The craft cabin was my favorite place to be stationed as a counselor at Girl Scout day camp. Every week I’d hope I’d get the craft cabin assignment and the weeks I did were a blast. One of my favorite camp crafts was tie-dye day. We’d set up buckets of dye outside the cabin and get tons of rubber bands out on the tables. I love the way that tie-dyed fabric is such a surprise when it’s untied!
My best friend asked me if I knew how to tie-dye since she had an older, well-loved sweatshirt that needed a color boost. As it turned out, I just received a new white sweatshirt. So we had a tie-dye night!
First, supplies… you’ll need dye, rubber bands, gloves, a bucket or sink to dye in, and a stir stick.
When I’m tie-dying I like to plan out roughly where my bulls-eyes are going to be. I laid out the sweatshirt and placed rubber bands to mark where I wanted my bulls-eyes. I really wanted to make the logo on my shirt at the center of a bulls-eye.

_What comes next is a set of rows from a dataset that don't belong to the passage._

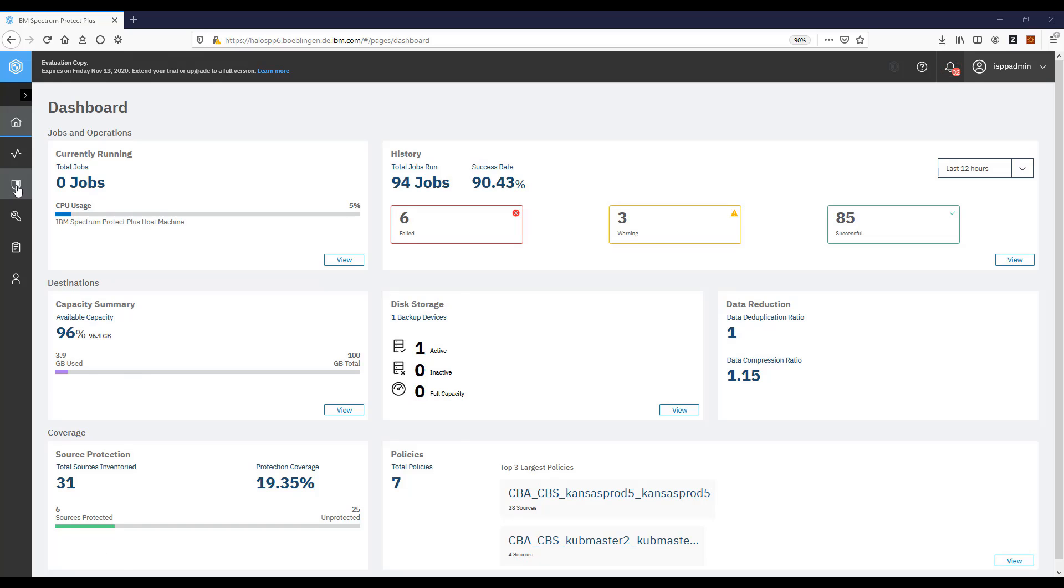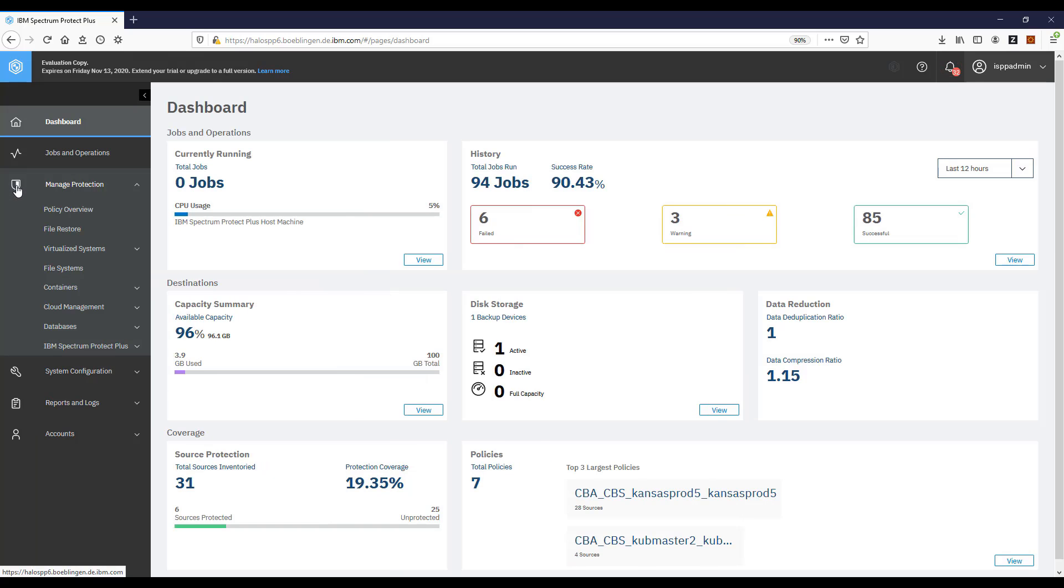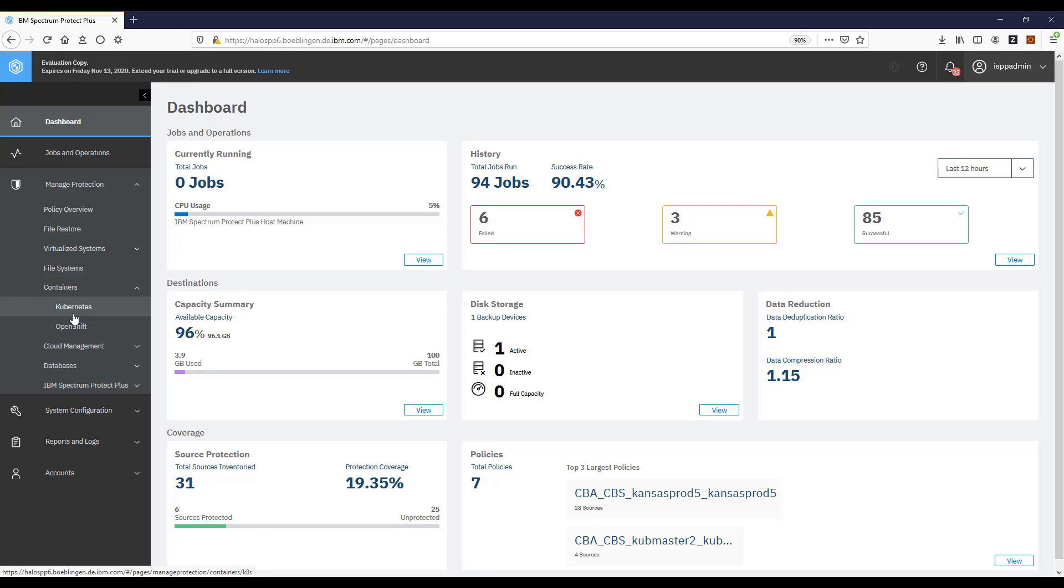So in summary I've showed you how to install container backup support for Spectrum Protect Plus by using the OpenShift web console. Thank you very much.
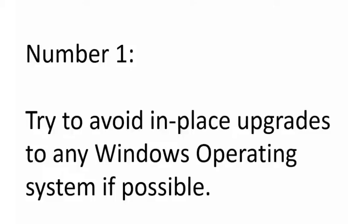So wherever possible, the best idea and least headache is going to be to back up all of your data on that workstation, do a Windows 10 clean install of that operating system, and then set up your freshly installed Windows 10 workstation with the software you want and restore your files. We recommend consulting with your local IT resources if you have any more questions on Windows 10 upgrades.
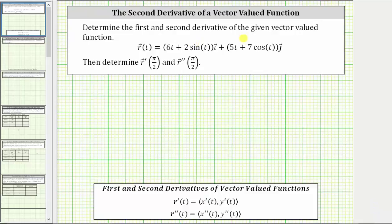Determine the first and second derivative of the given vector-valued function. Then determine r prime of pi over two and r double prime of pi over two.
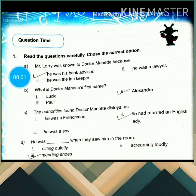Hello and welcome back to our new video class. Hi class 7. So today's topic for the revision is A Tale of Two Cities.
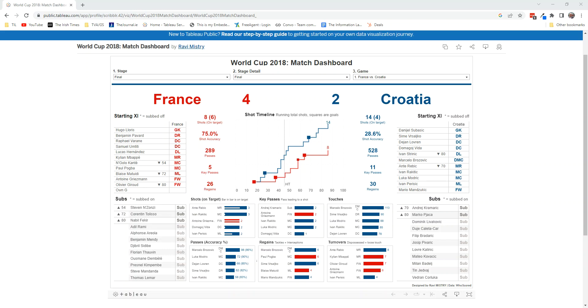Hello and welcome back to part two. What I'm trying to develop or build is this kind of team sheet here on the left-hand side, and I'm using Ravi Mystery's dashboard as inspiration for how we would set this up.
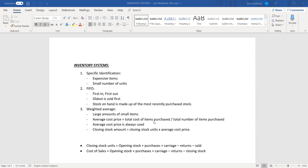Those are the three methods. Generally in a test or exam, they'll ask you two of them — a certain product is sold using one system and another product is sold using a different system, and they ask you questions on either. FIFO and weighted average are sometimes the more difficult ones, which is why they sometimes ask those more.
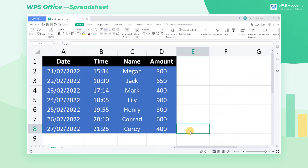Excel worksheets are frequently used for teamwork. We want to record and track the modifications made by each member. Today, we'll learn how to use the Track Changes function.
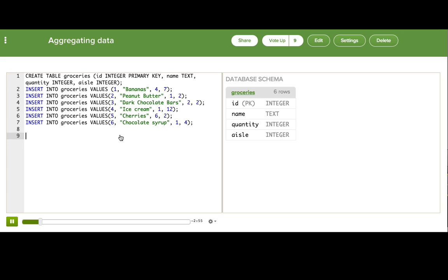Well, to do that in SQL, we can use what's called an aggregate function. An aggregate function is useful for things like getting the maximum, minimum, sum, and average of values in our database.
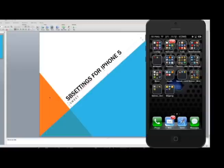Hey YouTube. This video is just to show you how to install SB Settings for your jailbroken iPhone 5.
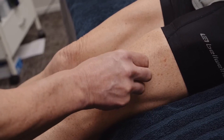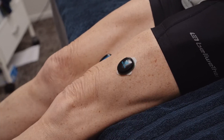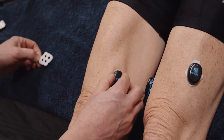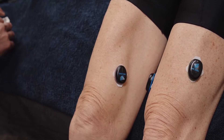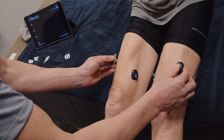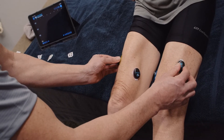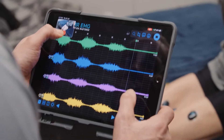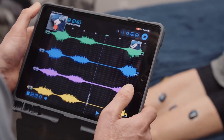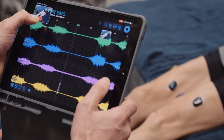Place sensors on your subject's quadriceps. In this instance, we will compare the vastus medialis and vastus lateralis of both quadriceps. Follow our recommended muscle placement sites. The quadriceps muscles you test are entirely up to you, the clinician. Take a picture of sensor placement for reference when referring back to data analysis.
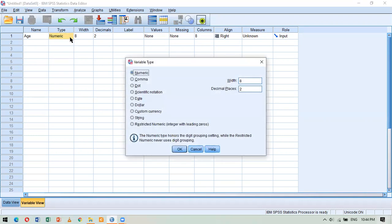I go to the numeric cell and click the three dots, which opens a dialog box with many options. A variable can be numeric, comma, dot, scientific notation, date, dollar, custom currency, string (text), or restricted numeric. In front of these types there are two options: width and decimal places. Decimal places controls how many decimal places appear for a value, and width controls how many digits the variable includes.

Then, start wrapping the rubber bands. Pinch the part that you want to be the center point and put a rubber band around it. I picked up the front and back at the same time, but you can do each side on its own.
I pinched and banded all the centers first. Then I moved down from each center and wrapped another rubber band.
Continue until you’ve made the bulls-eyes as big as you want. The more rubber bands, the more circles. Remember, wherever there’s a rubber band, the shirt won’t get dyed.
For the sleeves I decided to do a fan method. Start by folding the cuff and accordion-fold all the way up.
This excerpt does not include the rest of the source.